Data extract —

-- Opening Marker --

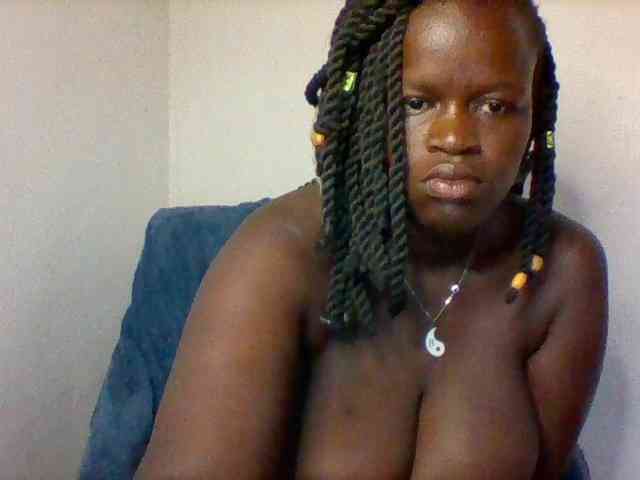 Boobie-queen Boobie-queen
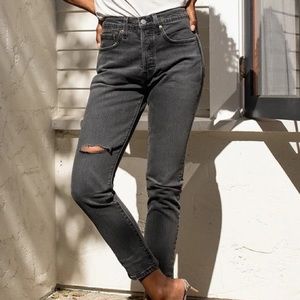 Levi’s 501 Skinny in color Dark Side of the Moon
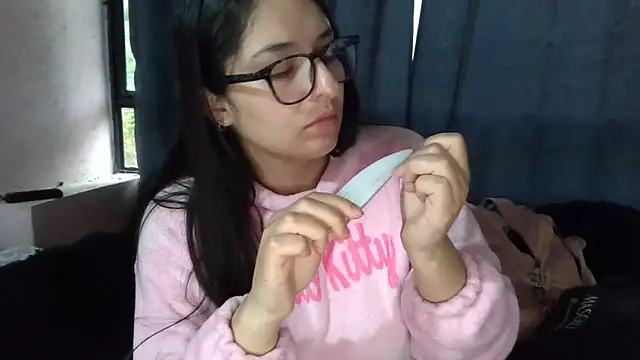 sara 110323 online show from 09/19/25, 11:03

-- Closing Marker --

Assignment —
Every line of the listing above is to be repeated exactly, with its pictures left out.

Answer section —
 Boobie-queen Boobie-queen
 Levi’s 501 Skinny in color Dark Side of the Moon
 sara 110323 online show from 09/19/25, 11:03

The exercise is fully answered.